Items listed in a dataset
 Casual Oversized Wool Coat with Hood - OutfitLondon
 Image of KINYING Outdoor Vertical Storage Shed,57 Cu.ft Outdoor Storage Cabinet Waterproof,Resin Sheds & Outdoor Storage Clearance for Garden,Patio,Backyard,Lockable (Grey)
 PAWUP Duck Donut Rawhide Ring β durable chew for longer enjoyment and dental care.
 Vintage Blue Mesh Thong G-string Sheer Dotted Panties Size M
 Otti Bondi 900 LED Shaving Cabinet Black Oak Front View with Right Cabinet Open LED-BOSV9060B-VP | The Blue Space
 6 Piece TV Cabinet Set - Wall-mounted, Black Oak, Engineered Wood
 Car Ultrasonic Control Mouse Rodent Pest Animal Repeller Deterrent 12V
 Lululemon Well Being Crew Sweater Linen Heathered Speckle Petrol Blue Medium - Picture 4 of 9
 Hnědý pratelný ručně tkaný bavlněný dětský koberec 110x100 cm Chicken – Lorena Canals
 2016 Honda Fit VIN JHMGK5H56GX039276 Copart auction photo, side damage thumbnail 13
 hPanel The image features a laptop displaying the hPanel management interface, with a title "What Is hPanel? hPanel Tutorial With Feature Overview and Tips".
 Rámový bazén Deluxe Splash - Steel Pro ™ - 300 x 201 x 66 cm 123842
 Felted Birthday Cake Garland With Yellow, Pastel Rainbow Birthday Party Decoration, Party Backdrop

# Exercise goal:
Give an exact copy of the lines above, from the top of the records to the line that contains "Car Ultrasonic Control", taking in both ends.

# Exercise result:
 Casual Oversized Wool Coat with Hood - OutfitLondon
 Image of KINYING Outdoor Vertical Storage Shed,57 Cu.ft Outdoor Storage Cabinet Waterproof,Resin Sheds & Outdoor Storage Clearance for Garden,Patio,Backyard,Lockable (Grey)
 PAWUP Duck Donut Rawhide Ring β durable chew for longer enjoyment and dental care.
 Vintage Blue Mesh Thong G-string Sheer Dotted Panties Size M
 Otti Bondi 900 LED Shaving Cabinet Black Oak Front View with Right Cabinet Open LED-BOSV9060B-VP | The Blue Space
 6 Piece TV Cabinet Set - Wall-mounted, Black Oak, Engineered Wood
 Car Ultrasonic Control Mouse Rodent Pest Animal Repeller Deterrent 12V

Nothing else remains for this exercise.